Here goes the correct asnwer according to CFAI and the explanation:
Despite Bosno undertaking a quick and simple analysis to determine that the investment would be too risky for the sovereign wealth fund, that analysis does not necessarily mean he was not diligent and did not have a reasonable basis for making that determination.”
So I guess they are saying the correct answer should have been a).
I personally strongly believe this is simply not true. Specifically, Bosno’s analysis might be sufficient but if he DOES agree to make the investment, he will not have established a reasonable basis for this investment action (in fact, quite the direct opposite!) and therefore will have violated the related standard, Diligence and Reasonable Basis.

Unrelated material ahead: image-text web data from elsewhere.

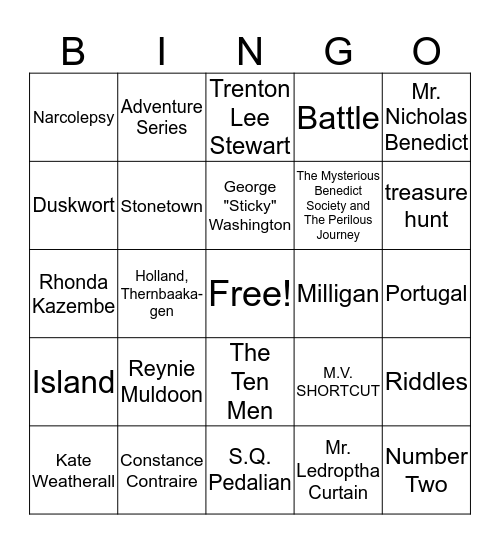 The Mysterious Benedict Society Bingo Game Bingo Card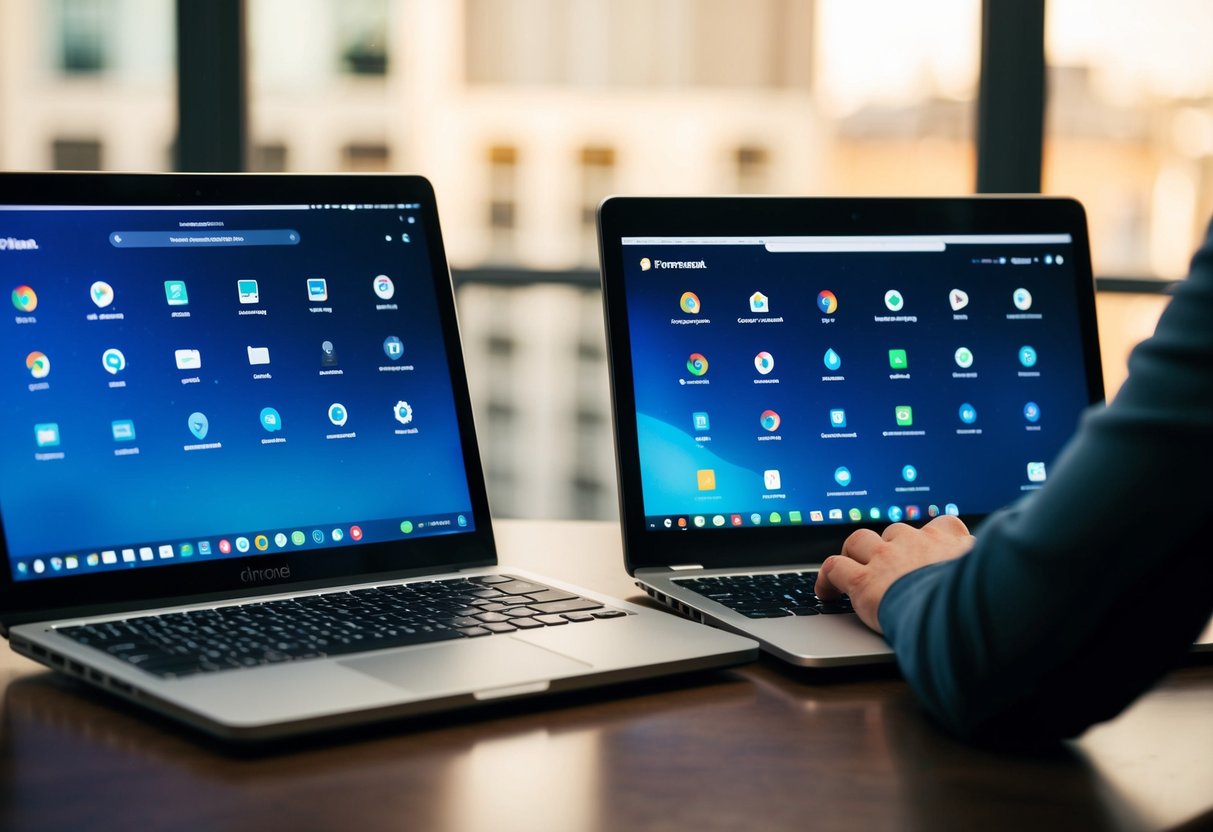 Een laptop en een Chromebook naast elkaar, met verschillende pictogrammen en applicaties op hun schermen, terwijl een persoon de verschillen tussen de twee apparaten overweegt.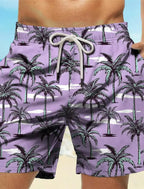 Palm Tree Tropical Men's Resort 3D Printed Board Shorts Swim Trunks Pocket Comfort Breathable Short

Therefore, option a) cannot be the right answer.
What do you guys think?
I think (b) is definitely a good candidate for violation because direct monetary compensation for investment is not allowed whether you disclose it or not…
HOWEVER, I do see your point. The key phrase here is “if Bosno agrees to make the investment”. Since the question already establishes that the fund is too risky, if Bosno agrees to invest, he is directly going against his analysis, which is not diligent nor reasonable.
I think the CFAI twisted the question one too many times and was caught out themselves – it took me a few reads to work through the logic as well. It’s these questions that worry me in the exam, but I’ve been told that if there was such a question, it will probably end up being (a) and (b) accepted as right answers.
Good spot @Prosper0!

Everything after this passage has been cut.